Que mistério tem Clarice?

Sabe quando você grifa as partes mais importantes de um texto e acaba marcando tudo porque tudo é importante? Pois bem. É assim com os livros de Clarice Lispector. Cada palavra, cada frase construída parece estar ali pois foi pensada, sentida, refletida profunda e longamente. É como os óleos essenciais -- substâncias naturais ultraconcentradas extraídas das plantas, de suas flores, sementes, raízes e cascas, enfim, de sua matéria viva e morta. 

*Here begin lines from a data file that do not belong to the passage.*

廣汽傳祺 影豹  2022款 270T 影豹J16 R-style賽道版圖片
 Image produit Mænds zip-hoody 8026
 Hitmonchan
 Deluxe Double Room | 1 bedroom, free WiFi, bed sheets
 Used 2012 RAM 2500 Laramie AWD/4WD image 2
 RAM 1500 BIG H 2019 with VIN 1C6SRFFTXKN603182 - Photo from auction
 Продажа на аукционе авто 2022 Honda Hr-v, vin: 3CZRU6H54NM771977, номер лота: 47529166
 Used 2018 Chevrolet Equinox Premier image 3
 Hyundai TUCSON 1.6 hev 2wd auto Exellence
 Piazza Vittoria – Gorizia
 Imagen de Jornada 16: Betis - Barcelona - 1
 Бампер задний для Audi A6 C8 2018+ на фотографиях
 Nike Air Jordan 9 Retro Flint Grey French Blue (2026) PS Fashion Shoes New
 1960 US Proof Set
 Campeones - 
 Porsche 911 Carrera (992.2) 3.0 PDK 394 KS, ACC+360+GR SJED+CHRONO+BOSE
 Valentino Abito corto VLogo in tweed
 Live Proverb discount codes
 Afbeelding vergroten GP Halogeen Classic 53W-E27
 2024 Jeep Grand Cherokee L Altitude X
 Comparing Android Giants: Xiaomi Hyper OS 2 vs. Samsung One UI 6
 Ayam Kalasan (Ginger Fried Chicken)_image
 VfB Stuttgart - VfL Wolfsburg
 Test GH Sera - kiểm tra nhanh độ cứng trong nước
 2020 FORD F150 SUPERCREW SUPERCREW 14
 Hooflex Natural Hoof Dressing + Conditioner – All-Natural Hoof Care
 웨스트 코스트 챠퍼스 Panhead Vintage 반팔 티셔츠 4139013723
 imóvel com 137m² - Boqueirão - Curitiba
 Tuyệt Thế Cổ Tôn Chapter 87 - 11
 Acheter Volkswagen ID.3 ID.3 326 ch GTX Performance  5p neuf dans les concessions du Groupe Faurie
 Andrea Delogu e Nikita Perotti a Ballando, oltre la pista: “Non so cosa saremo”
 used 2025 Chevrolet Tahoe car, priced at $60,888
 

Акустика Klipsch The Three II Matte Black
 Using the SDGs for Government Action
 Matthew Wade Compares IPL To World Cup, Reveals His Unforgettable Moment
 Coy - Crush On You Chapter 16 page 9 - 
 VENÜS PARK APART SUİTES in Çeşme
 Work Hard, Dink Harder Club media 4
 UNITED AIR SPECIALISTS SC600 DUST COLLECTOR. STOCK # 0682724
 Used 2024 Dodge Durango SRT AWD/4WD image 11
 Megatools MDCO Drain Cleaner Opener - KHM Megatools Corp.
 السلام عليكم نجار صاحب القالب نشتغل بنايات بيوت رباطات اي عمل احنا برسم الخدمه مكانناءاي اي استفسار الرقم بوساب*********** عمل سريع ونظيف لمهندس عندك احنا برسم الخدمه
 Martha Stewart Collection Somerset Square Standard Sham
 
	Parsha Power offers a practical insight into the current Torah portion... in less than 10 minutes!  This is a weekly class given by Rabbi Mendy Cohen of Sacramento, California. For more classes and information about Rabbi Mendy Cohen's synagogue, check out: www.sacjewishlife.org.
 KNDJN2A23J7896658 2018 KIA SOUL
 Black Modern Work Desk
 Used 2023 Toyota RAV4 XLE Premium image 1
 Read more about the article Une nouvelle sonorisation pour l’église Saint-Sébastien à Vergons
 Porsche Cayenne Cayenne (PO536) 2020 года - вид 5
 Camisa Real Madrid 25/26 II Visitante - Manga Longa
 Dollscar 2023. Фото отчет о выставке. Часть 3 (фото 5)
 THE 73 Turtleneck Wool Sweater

Assim parece ter sido o processo criativo de Clarice -- ela recolhia toda a sua vivência interior, individual e coletiva, tudo que ainda estivesse latente ou já seco, encrostado, misturava e torcia até sair a quintessência da experiência humana. Suas obras não são longas, extensas, como as de seu contemporâneo Guimarães Rosas, por exemplo, cujas obras formam grandes calhamaços de seiscentas páginas. Com efeito, Clarice produz livros bem condensados, enxutos de tudo que não precisa ser dito, das transições que levam o leitor de um ponto importante da narrativa a outro, como pontes sobre rios, entre terra firme e terra firme. Em Clarice, por outro lado, o leitor é levado a atravessar esses rios narrativos e, por vezes, o rio é toda a narrativa. Não porque sua escrita é difícil, complexa, mas porque é profunda e exige imersão. Sem ser simplista, é simples, como ela queria: "que ninguém se engane, a simplicidade só se alcança com muito trabalho".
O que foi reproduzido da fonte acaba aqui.